Recorded information: Begin

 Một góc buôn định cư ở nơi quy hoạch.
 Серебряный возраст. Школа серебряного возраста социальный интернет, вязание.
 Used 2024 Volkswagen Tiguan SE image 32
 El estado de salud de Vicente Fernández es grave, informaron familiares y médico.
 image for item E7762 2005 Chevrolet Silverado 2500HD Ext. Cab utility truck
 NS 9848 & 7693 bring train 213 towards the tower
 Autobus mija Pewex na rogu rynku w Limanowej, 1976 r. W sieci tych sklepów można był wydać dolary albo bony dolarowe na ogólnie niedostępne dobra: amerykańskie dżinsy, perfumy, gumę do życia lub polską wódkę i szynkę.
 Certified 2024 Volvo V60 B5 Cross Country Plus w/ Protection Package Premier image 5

Recorded information: End
Recorded information: Begin

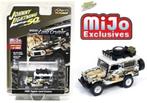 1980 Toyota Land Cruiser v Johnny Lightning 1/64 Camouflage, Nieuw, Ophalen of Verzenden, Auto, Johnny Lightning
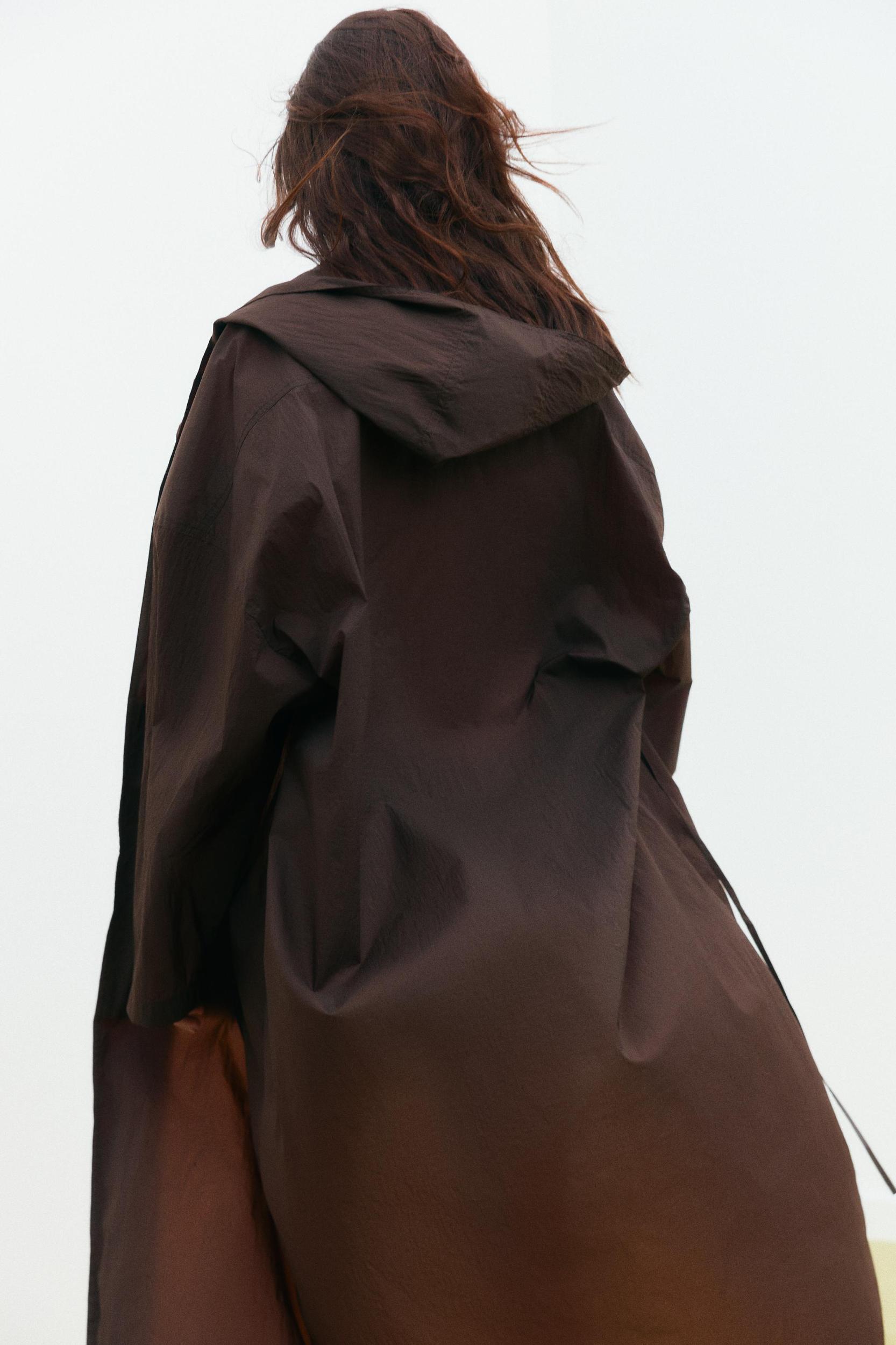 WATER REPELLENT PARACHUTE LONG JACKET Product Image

Recorded information: End
Recorded information: Begin

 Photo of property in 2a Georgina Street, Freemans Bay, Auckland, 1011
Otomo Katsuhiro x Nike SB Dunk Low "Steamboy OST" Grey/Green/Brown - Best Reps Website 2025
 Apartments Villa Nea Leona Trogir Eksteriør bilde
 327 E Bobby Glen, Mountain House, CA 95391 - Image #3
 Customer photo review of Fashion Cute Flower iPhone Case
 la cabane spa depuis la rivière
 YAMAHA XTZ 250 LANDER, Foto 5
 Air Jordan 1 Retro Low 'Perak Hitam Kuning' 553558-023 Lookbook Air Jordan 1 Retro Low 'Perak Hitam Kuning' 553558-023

Recorded information: End

● **Work instructions**
Among the records above, only the lines between the line holding "El estado de" and the line holding "Autobus mija Pewex", inclusive, are to be output, exactly as written.

● **Final answer**
 El estado de salud de Vicente Fernández es grave, informaron familiares y médico.
 image for item E7762 2005 Chevrolet Silverado 2500HD Ext. Cab utility truck
 NS 9848 & 7693 bring train 213 towards the tower
 Autobus mija Pewex na rogu rynku w Limanowej, 1976 r. W sieci tych sklepów można był wydać dolary albo bony dolarowe na ogólnie niedostępne dobra: amerykańskie dżinsy, perfumy, gumę do życia lub polską wódkę i szynkę.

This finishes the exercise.